YOUR OBJECTIVE =
Everything below from the line with "So y'all wanted" through the line with "Hello and welcome" must be retyped exactly, except the pictures.

DATA LISTING section start

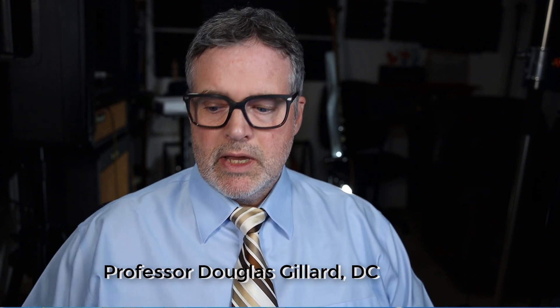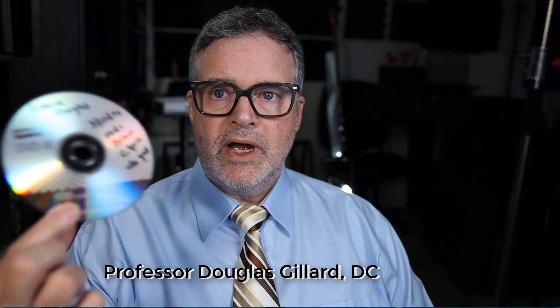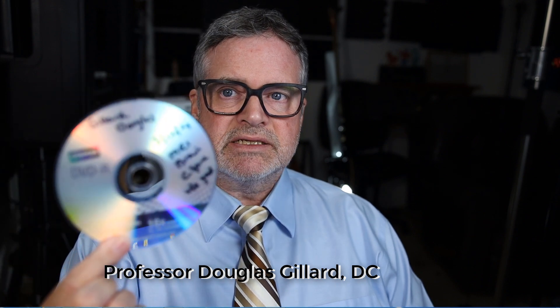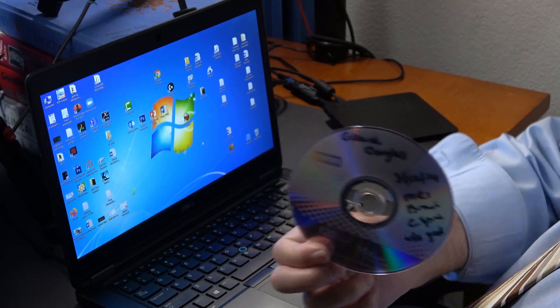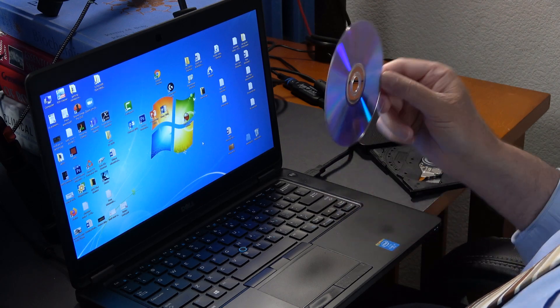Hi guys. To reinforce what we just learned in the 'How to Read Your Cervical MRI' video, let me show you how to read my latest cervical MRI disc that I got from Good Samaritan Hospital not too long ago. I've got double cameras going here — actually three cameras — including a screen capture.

DATA LISTING section end
DATA LISTING section start

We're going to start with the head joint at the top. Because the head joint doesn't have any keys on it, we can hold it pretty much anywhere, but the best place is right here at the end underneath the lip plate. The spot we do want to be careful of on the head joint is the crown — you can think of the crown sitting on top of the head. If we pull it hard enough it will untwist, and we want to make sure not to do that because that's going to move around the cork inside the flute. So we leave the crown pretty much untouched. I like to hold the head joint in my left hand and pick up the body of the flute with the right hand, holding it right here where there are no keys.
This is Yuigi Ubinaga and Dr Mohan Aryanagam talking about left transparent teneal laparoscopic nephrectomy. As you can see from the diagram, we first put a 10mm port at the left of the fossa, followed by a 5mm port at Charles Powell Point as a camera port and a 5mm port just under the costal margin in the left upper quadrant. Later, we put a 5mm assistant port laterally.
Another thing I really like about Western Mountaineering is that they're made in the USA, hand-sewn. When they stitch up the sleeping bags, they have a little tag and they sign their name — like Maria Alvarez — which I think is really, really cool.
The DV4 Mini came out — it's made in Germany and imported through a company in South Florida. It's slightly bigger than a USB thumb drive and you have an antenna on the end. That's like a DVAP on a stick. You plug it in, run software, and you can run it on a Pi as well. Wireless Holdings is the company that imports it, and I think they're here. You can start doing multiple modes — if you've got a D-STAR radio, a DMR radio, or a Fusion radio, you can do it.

DATA LISTING section end
DATA LISTING section start

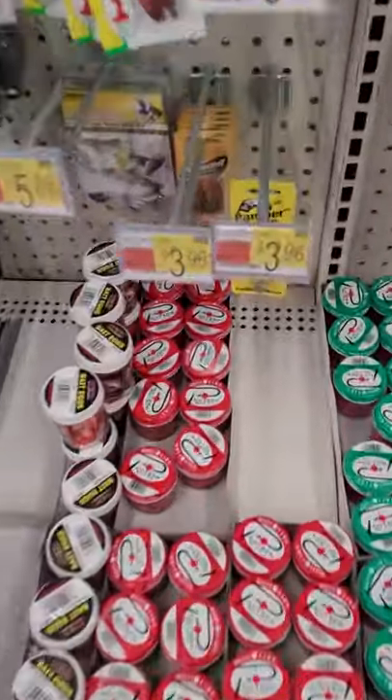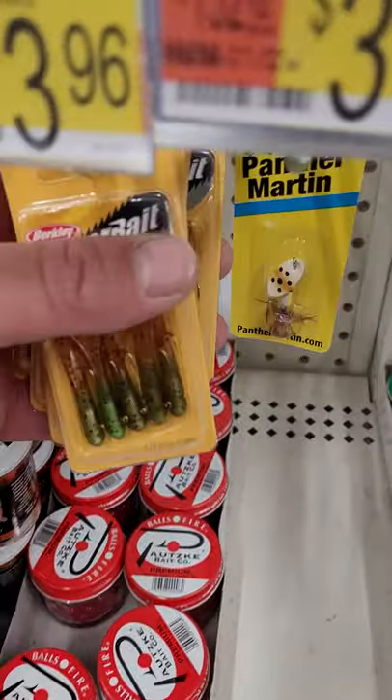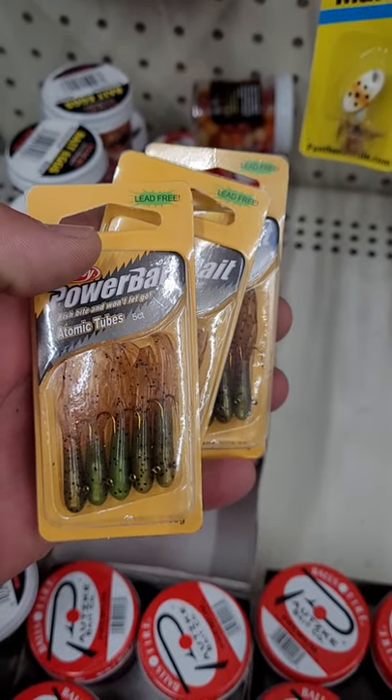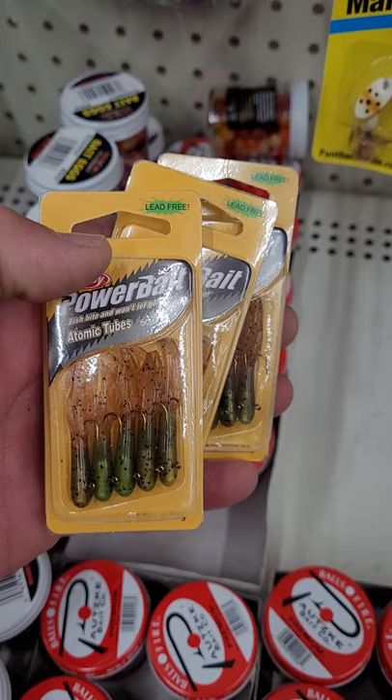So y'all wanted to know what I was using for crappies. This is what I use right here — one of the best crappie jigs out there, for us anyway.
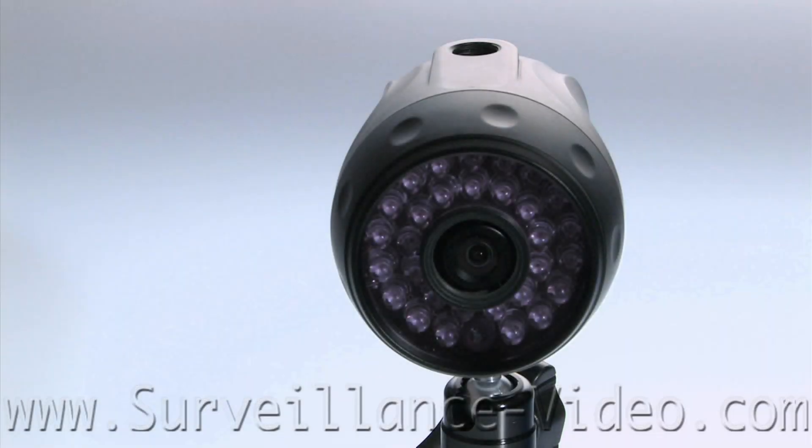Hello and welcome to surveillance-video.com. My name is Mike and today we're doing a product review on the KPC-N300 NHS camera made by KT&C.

DATA LISTING section end

RESULT BELOW =
So y'all wanted to know what I was using for crappies. This is what I use right here — one of the best crappie jigs out there, for us anyway.
Hello and welcome to surveillance-video.com. My name is Mike and today we're doing a product review on the KPC-N300 NHS camera made by KT&C.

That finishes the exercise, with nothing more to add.